Jean Papin commente certains passages de textes fondamentaux comme le Vijñāna Bhairava Tantra afin d’établir un rapport renouvelé et plus profond au son, ne pas se laisser saisir par l’esthétique, pour être attentif au prolongement du son, à son étirement. « Si l’esprit ne s’intéresse à rien d’autre, à la fin de chaque son, on s’identifiera à la forme merveilleuse du firmament suprême. » dit le sloka 41 du Vijñāna Bhairava Tantra. Cette entrée dans le jeu de l’énergie et de la conscience par le son est privilégiée par Jean Papin. A travers le son et les rāga se dessine un chemin vers le spanda, la vibration ultime. Il s’agit toujours d’abolir la distance maintenue entre l’objet et le sujet par l’inattendu, l’intuition directe, la grâce, entendue comme « l’énergie qui vous tombe dessus », tout ce qui rompt finalement la continuité du voile opaque de la conscience. Nous sommes là proches du Tantrāloka d’Abhinavagupta.

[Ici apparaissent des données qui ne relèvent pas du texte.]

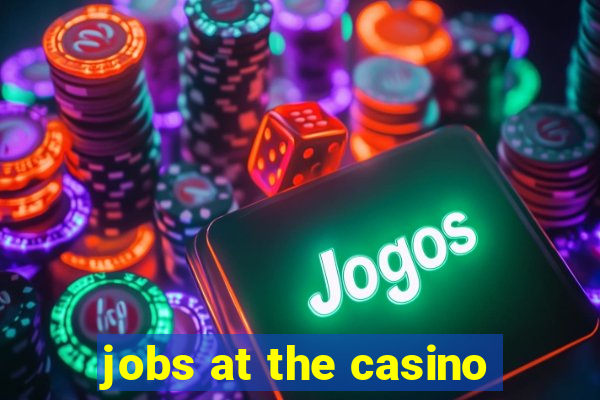 jobs at the casino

Kundalini, Kali-Yuga, reconnaissance du cœur, conscience et états de conscience, remontée des tattva, déclin, mort et renouveau, voici le fil de l’ouvrage respectant la chronologie des rencontres et entretiens. Les propos sont bien entendus beaucoup plus imbriqués pour rendre compte du tissage de la réalité. Au fil des pages, la métaphysique vient prendre appui sur les orientations pratiques sans que la singularité totale de l’instant ne soit affectée. Jean Papin a toujours le souci d’une inclusivité totale. Laisser quoi que ce soit « au dehors », ne pas s’extraire totalement du langage sans le rejeter, sortir de l’ordinaire sans le réintégrer, maintiennent dans l’illusion, une illusion tangible de dualité.

« Si tu ne vas pas jusqu’au bout, si tu ne réalises pas en même temps l’immanence des choses, tu restes dans le contentement d’une transcendance qui n’est pas satisfaisante, parce qu’elle n’englobe pas toutes les choses, elle n’est pas complète. » Le chemin de retour au vide « notre pays natal » est présenté de bien des manières d’une tradition à une autre, d’un enseignant à un autre.

Jean Papin veille à ce que l’on ne puisse pas s’identifier à son propos et ne cesse de nous renvoyer à notre propre expérience par un questionnement permanent.